*GOAL OF THE EXERCISE*: Among the records, find the lines that hold the string "https" and return them.

Segment Start: SUPPLIED RECORDS

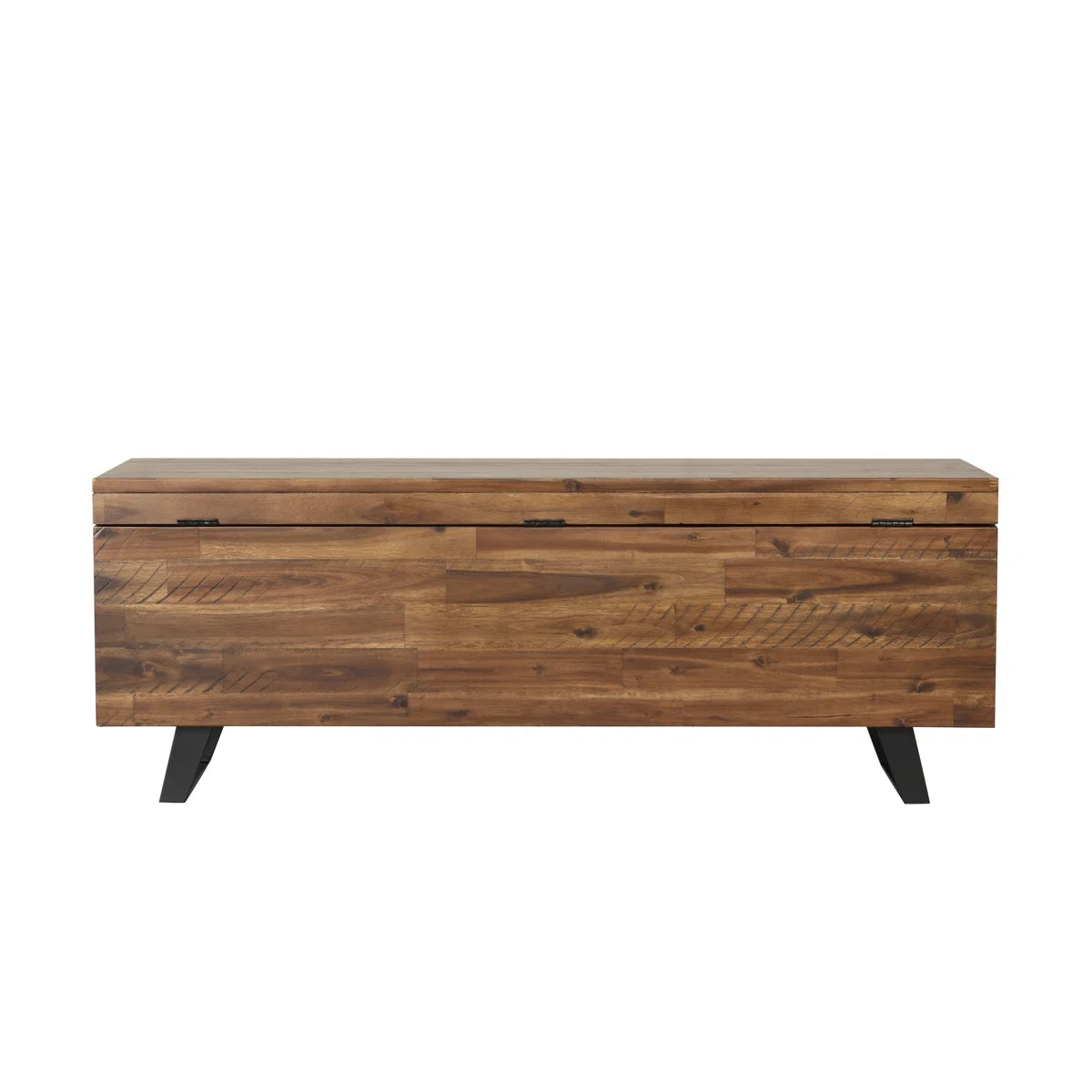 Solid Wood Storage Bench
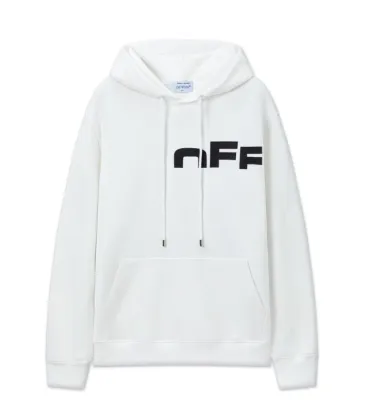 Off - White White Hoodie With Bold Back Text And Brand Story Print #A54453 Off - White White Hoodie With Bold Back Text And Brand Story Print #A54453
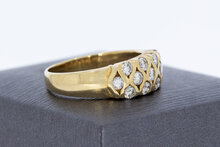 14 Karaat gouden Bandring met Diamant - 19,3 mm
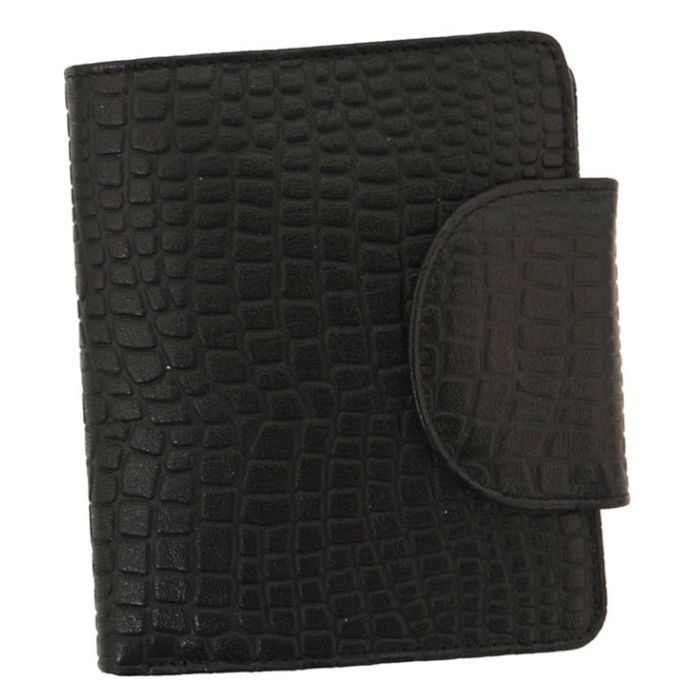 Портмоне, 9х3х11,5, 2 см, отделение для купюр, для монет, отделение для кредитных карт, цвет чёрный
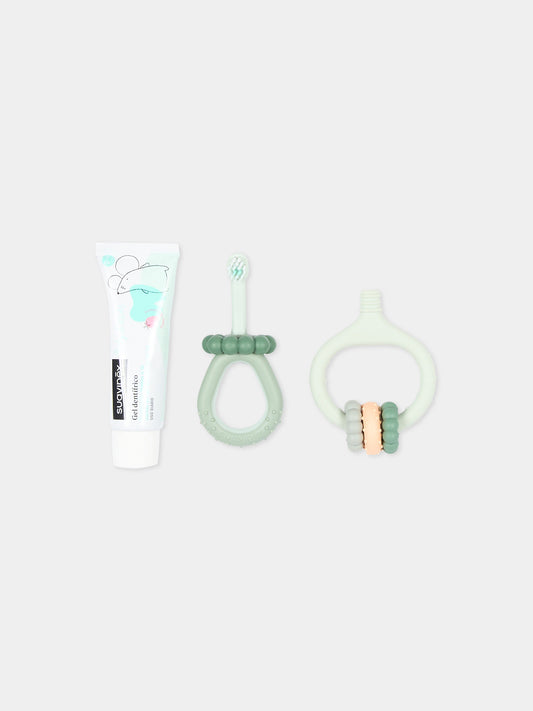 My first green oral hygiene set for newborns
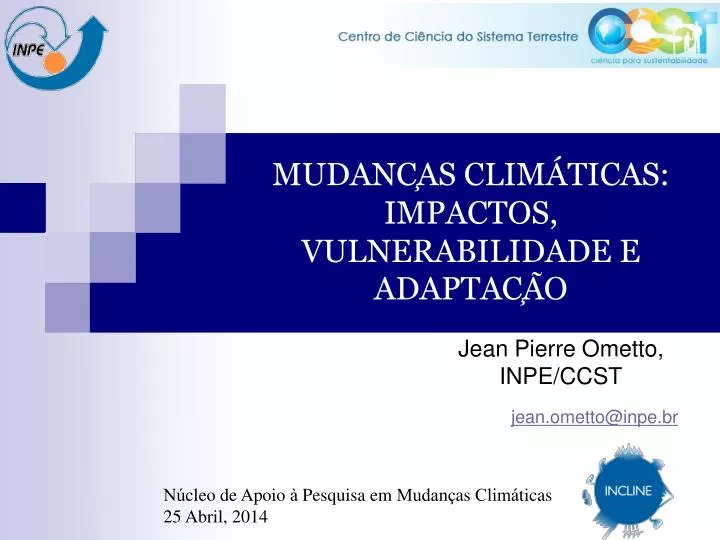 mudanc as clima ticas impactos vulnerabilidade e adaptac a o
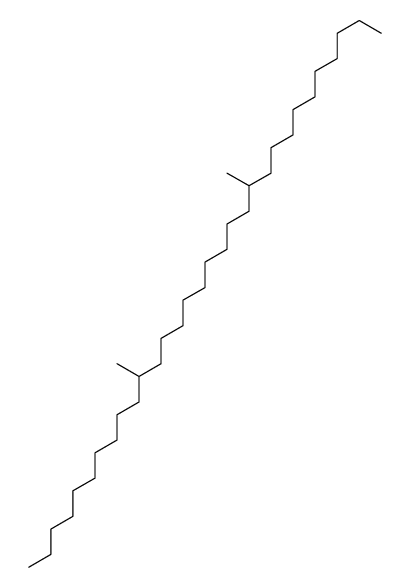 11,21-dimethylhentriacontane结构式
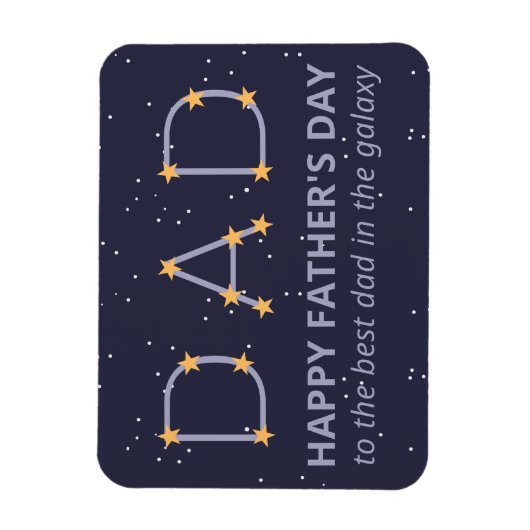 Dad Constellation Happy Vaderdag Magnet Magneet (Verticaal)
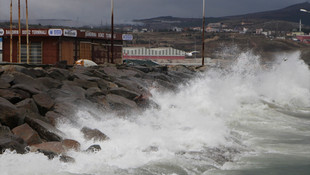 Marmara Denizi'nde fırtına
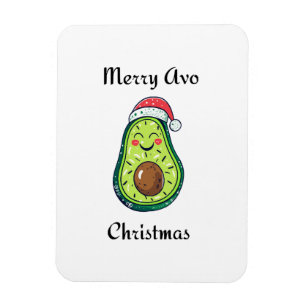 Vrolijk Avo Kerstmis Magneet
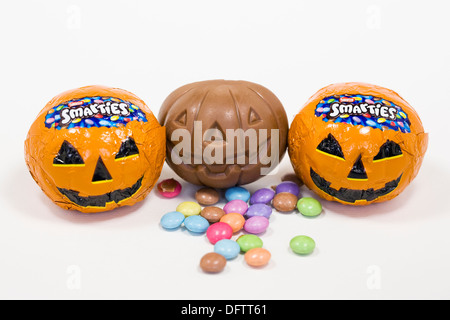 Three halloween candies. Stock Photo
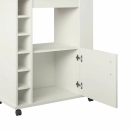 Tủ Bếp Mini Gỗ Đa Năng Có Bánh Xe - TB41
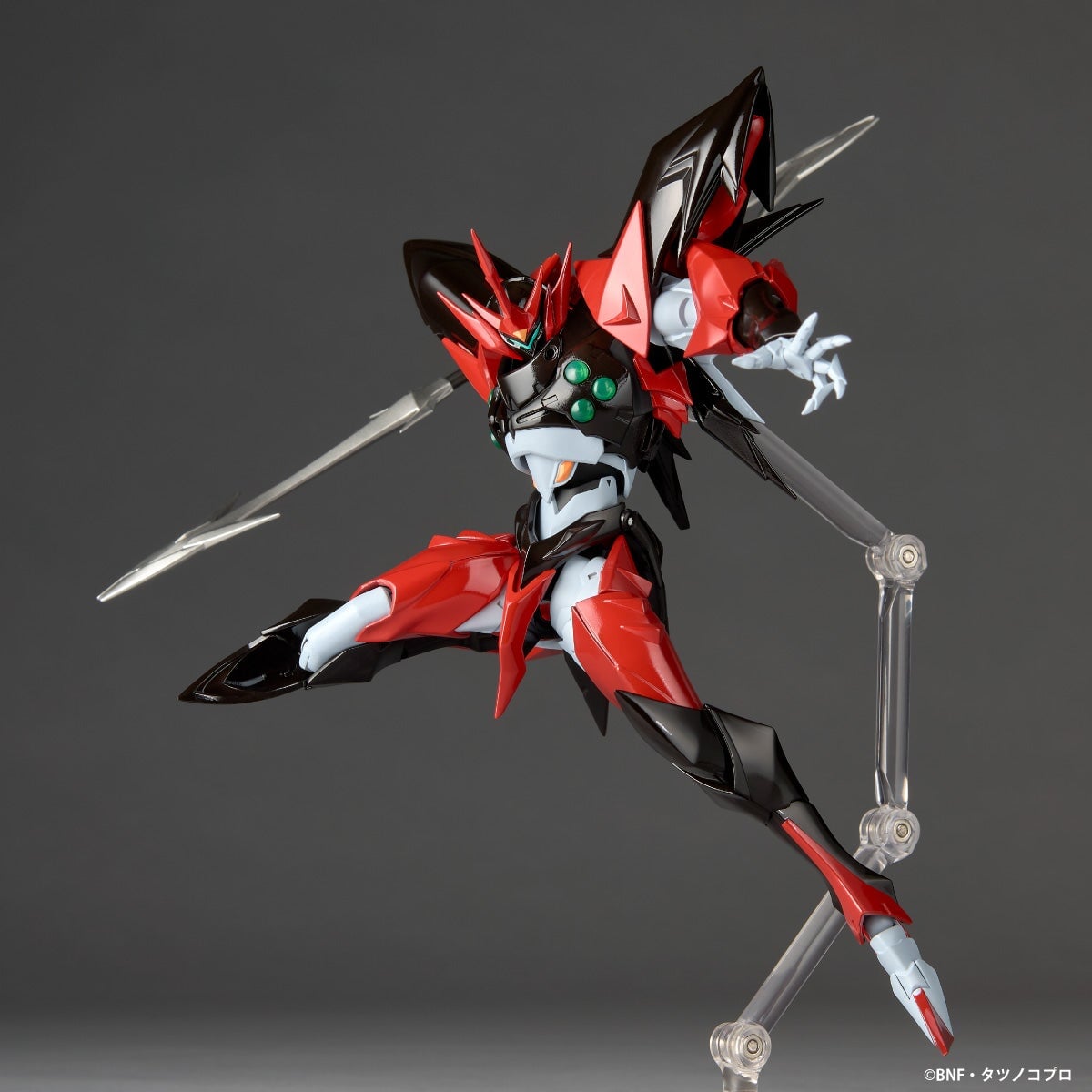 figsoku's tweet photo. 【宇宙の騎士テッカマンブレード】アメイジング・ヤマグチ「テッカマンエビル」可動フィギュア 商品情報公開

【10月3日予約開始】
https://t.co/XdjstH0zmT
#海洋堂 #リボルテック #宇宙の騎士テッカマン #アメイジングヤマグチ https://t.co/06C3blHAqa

Segment End: SUPPLIED RECORDS

*SOLUTION FOR THIS TASK*:
https://t.co/XdjstH0zmT
#海洋堂 #リボルテック #宇宙の騎士テッカマン #アメイジングヤマグチ https://t.co/06C3blHAqa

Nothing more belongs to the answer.